[Image-text web data]

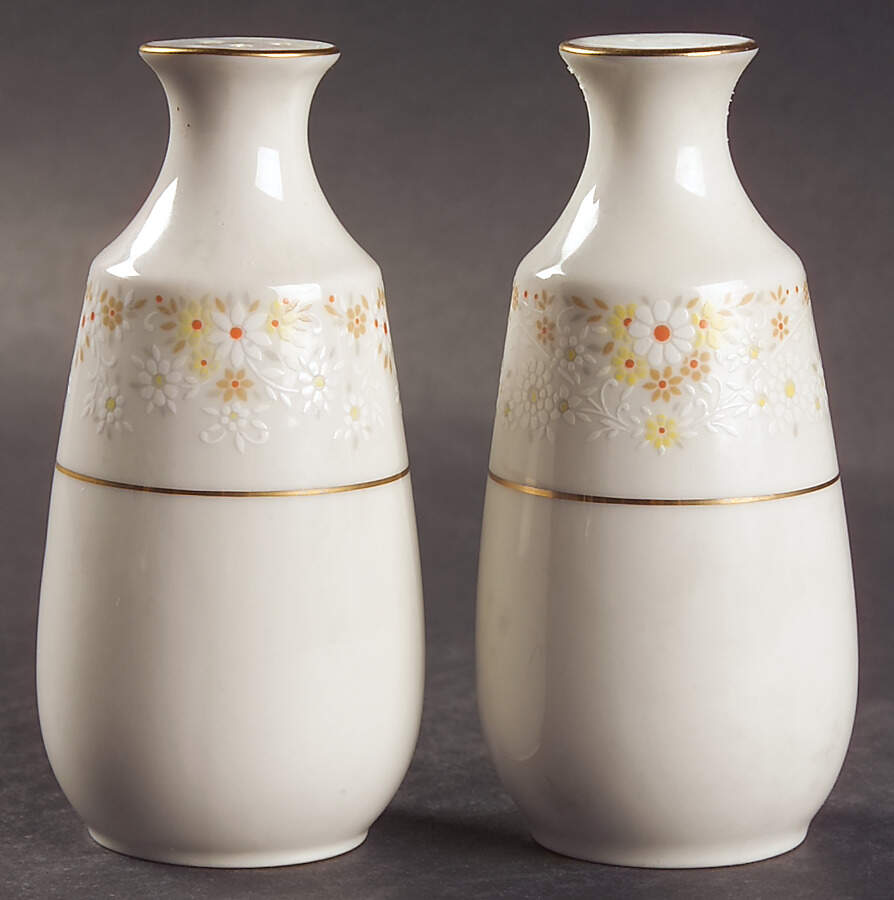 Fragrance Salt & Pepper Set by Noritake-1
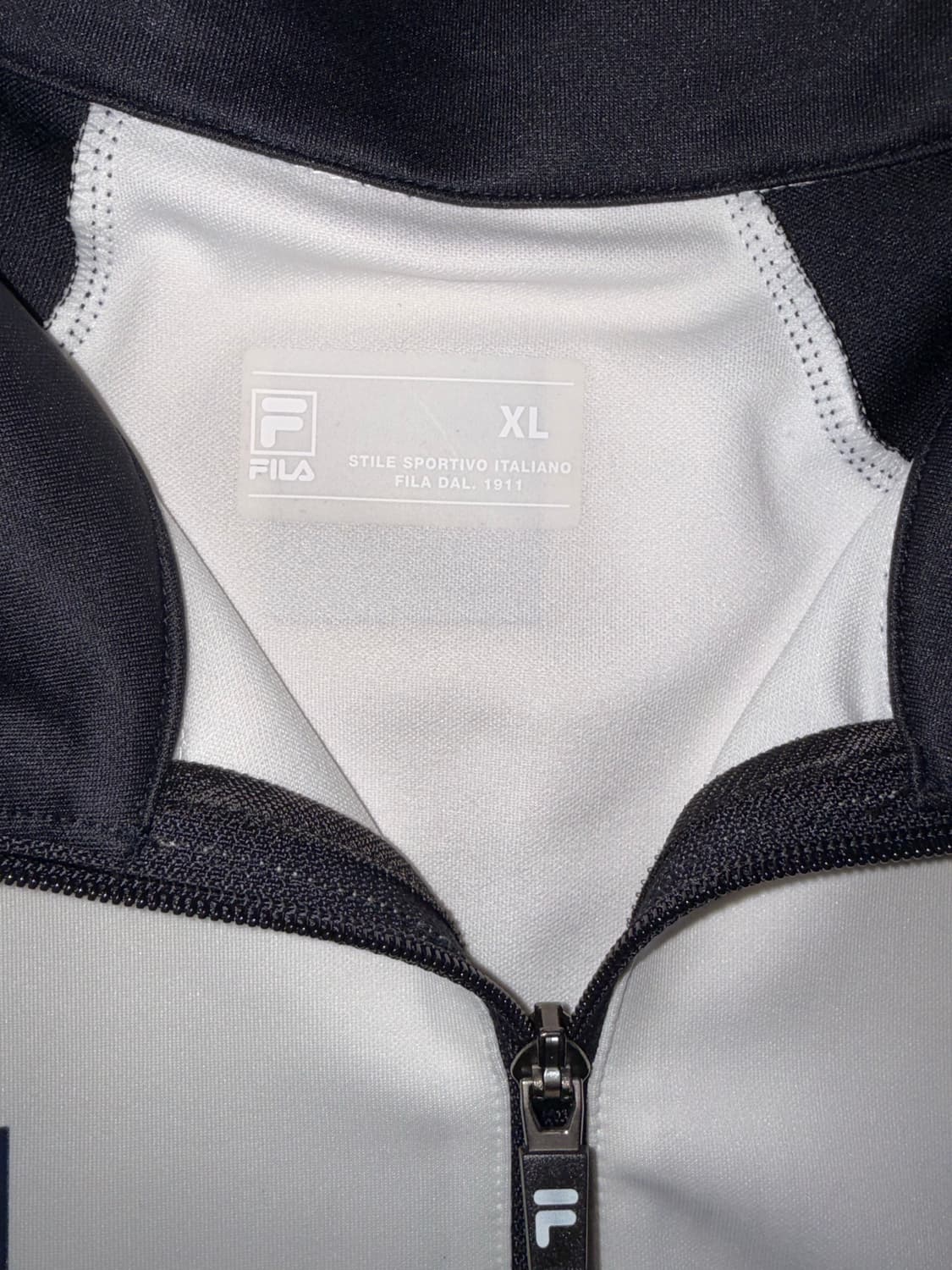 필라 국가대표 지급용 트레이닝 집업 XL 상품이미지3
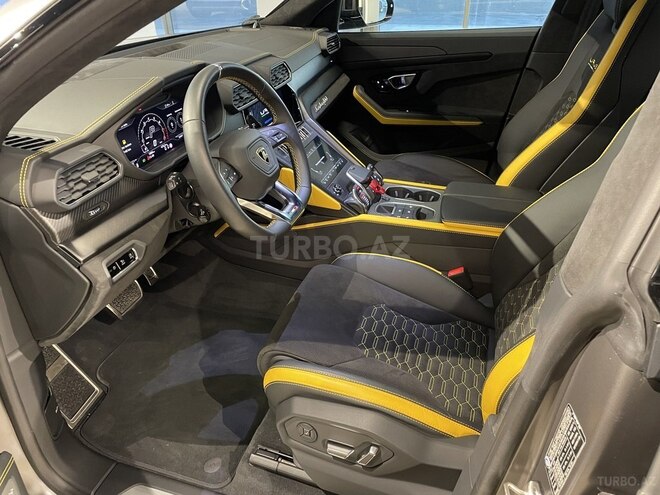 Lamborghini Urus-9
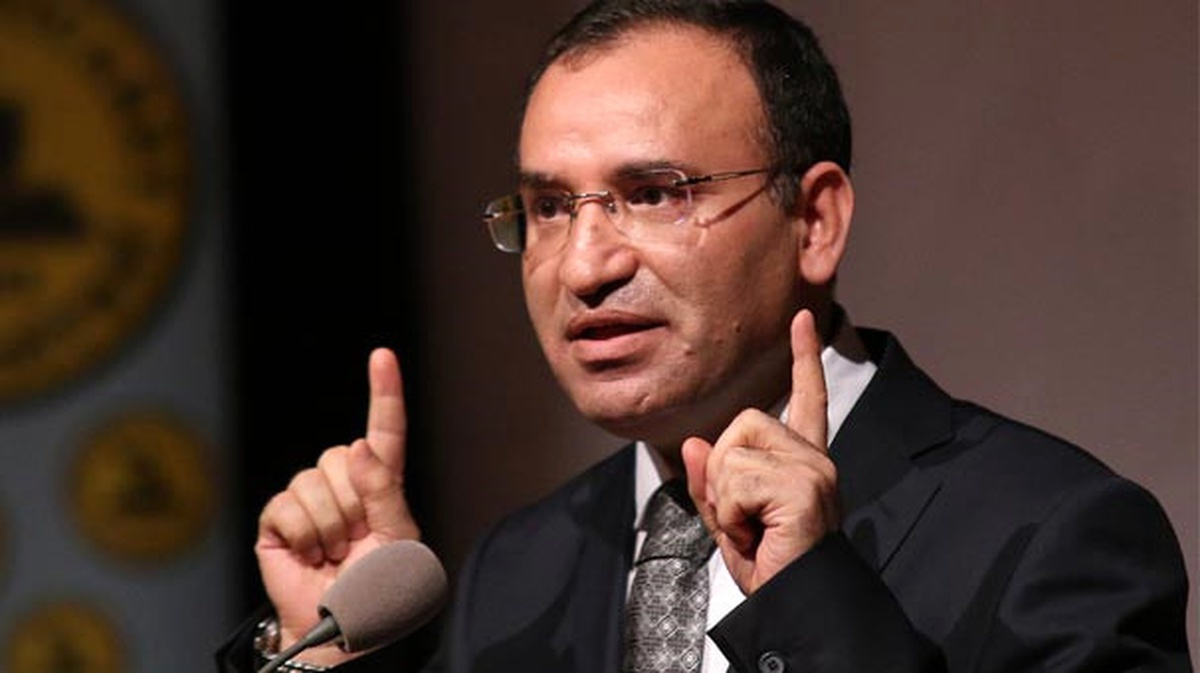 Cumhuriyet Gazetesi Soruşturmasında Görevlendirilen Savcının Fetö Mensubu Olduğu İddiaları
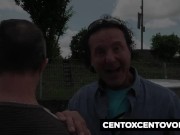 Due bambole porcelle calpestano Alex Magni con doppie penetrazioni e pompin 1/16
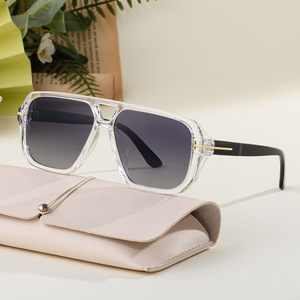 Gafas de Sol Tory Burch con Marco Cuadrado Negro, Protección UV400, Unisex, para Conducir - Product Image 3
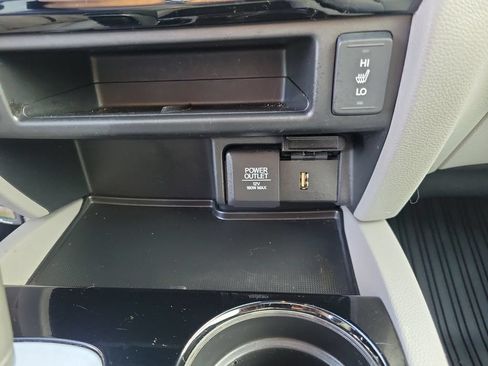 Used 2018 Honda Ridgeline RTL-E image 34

- [YOUR GOAL]: Reproduce every entry exactly, but omit each picture.

- [YOUR SOLUTION]:
 Fragrance Salt & Pepper Set by Noritake-1
 필라 국가대표 지급용 트레이닝 집업 XL 상품이미지3
 Lamborghini Urus-9
 Cumhuriyet Gazetesi Soruşturmasında Görevlendirilen Savcının Fetö Mensubu Olduğu İddiaları
 Due bambole porcelle calpestano Alex Magni con doppie penetrazioni e pompin 1/16
 Gafas de Sol Tory Burch con Marco Cuadrado Negro, Protección UV400, Unisex, para Conducir - Product Image 3
 Used 2018 Honda Ridgeline RTL-E image 34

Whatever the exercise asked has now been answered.